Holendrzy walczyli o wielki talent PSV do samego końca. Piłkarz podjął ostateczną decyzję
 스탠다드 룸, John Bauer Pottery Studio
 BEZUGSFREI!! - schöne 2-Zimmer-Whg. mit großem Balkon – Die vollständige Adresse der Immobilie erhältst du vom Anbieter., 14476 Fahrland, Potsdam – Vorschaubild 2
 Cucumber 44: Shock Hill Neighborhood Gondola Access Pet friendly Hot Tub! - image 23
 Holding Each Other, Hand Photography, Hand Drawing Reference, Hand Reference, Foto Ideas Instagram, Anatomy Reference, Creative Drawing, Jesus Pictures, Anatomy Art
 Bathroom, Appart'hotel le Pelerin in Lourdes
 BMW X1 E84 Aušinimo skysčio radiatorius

######

» Your objective
Nothing but the lines from the one containing "스탠다드 룸, John Bauer Pottery Studio" through the final line of the listing above belongs in the answer; set them down exactly.

» Answer section
 스탠다드 룸, John Bauer Pottery Studio
 BEZUGSFREI!! - schöne 2-Zimmer-Whg. mit großem Balkon – Die vollständige Adresse der Immobilie erhältst du vom Anbieter., 14476 Fahrland, Potsdam – Vorschaubild 2
 Cucumber 44: Shock Hill Neighborhood Gondola Access Pet friendly Hot Tub! - image 23
 Holding Each Other, Hand Photography, Hand Drawing Reference, Hand Reference, Foto Ideas Instagram, Anatomy Reference, Creative Drawing, Jesus Pictures, Anatomy Art
 Bathroom, Appart'hotel le Pelerin in Lourdes
 BMW X1 E84 Aušinimo skysčio radiatorius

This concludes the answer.